• _Your assignment_
Copy out the records so that each line matches the original.

• _Data in this exercise_
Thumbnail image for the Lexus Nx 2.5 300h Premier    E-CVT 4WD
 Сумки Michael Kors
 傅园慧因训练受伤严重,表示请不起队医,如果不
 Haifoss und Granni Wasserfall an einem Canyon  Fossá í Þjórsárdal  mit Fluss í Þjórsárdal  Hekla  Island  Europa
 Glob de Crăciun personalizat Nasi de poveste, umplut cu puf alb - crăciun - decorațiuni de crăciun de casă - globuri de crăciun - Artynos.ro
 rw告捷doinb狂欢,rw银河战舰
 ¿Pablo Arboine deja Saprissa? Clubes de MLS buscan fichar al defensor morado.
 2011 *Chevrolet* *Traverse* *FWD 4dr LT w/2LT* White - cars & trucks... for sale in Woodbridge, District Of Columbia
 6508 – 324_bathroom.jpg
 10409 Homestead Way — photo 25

• _Response for this exercise_
Thumbnail image for the Lexus Nx 2.5 300h Premier    E-CVT 4WD
 Сумки Michael Kors
 傅园慧因训练受伤严重,表示请不起队医,如果不
 Haifoss und Granni Wasserfall an einem Canyon  Fossá í Þjórsárdal  mit Fluss í Þjórsárdal  Hekla  Island  Europa
 Glob de Crăciun personalizat Nasi de poveste, umplut cu puf alb - crăciun - decorațiuni de crăciun de casă - globuri de crăciun - Artynos.ro
 rw告捷doinb狂欢,rw银河战舰
 ¿Pablo Arboine deja Saprissa? Clubes de MLS buscan fichar al defensor morado.
 2011 *Chevrolet* *Traverse* *FWD 4dr LT w/2LT* White - cars & trucks... for sale in Woodbridge, District Of Columbia
 6508 – 324_bathroom.jpg
 10409 Homestead Way — photo 25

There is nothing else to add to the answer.